La incorporación de Benedetto no es un hecho aislado, sino que responde a una planificación institucional orientada a recuperar el trono en la Liga Pro de Ecuador y alcanzar instancias finales en competiciones continentales. Expertos en el mercado de transferencias señalan que la llegada de un «nueve» de su calibre aporta no solo capacidad goleadora, sino un valor agregado en términos de experiencia en partidos de alta presión. Para Barcelona, asegurar a un futbolista con tal currículum representa un golpe de efecto mediático y deportivo que eleva las expectativas de su numerosa afición.
Desde el punto de vista económico, la operación refleja la solidez financiera que el club de Guayaquil ha buscado proyectar en los últimos años. Si bien las cifras del contrato se mantienen bajo reserva, se entiende que el esfuerzo presupuestario es considerable, equiparable a las grandes contrataciones del fútbol regional. La salida de Benedetto del fútbol argentino marca el fin de una etapa y el comienzo de un nuevo desafío en un entorno donde su estilo de juego, caracterizado por la técnica individual y la eficacia dentro del área, podría adaptarse rápidamente a la dinámica del fútbol ecuatoriano.
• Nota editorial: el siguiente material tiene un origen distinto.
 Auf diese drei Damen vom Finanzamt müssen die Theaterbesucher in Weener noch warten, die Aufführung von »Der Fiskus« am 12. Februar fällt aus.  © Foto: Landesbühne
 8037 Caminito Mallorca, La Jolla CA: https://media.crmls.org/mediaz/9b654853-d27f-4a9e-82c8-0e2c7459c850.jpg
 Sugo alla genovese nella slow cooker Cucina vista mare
El contexto deportivo de Barcelona demanda resultados inmediatos tras una temporada de altibajos. La presencia de un referente de área como el «Pipa» permitiría al cuerpo técnico explorar variantes tácticas más agresivas, apoyándose en la capacidad del delantero para pivotear y generar espacios para los volantes externos. Los analistas destacan que su madurez profesional será clave para guiar a los jóvenes talentos del plantel, convirtiéndose en un mentor dentro del campo de juego en situaciones de máxima exigencia competitiva.
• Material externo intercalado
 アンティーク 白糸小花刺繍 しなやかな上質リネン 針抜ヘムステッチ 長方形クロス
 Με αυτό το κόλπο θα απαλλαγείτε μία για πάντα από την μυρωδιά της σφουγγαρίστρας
Históricamente, los futbolistas argentinos de renombre han dejado una huella profunda en el fútbol de Ecuador, y Benedetto busca sumarse a esa lista de éxitos. Su adaptación al clima y a la altitud de ciertas plazas será un factor a seguir de cerca por el departamento médico y físico del club. No obstante, su profesionalismo y rigurosidad en la preparación física sugieren que el proceso de aclimatación será breve, permitiéndole estar a disposición del entrenador para los compromisos iniciales del calendario oficial.
El fichaje de Darío Benedetto por el Barcelona de Guayaquil se perfila como uno de los movimientos más relevantes del año en el continente. De concretarse los últimos flecos del acuerdo, el delantero iniciará una etapa donde la presión por el gol será constante, pero donde también tendrá la oportunidad de agigantar su leyenda en uno de los clubes más populares de América Latina. El impacto de su llegada se medirá no solo en estadísticas, sino en la capacidad de transformar al equipo en un contendiente serio para todos los títulos en disputa.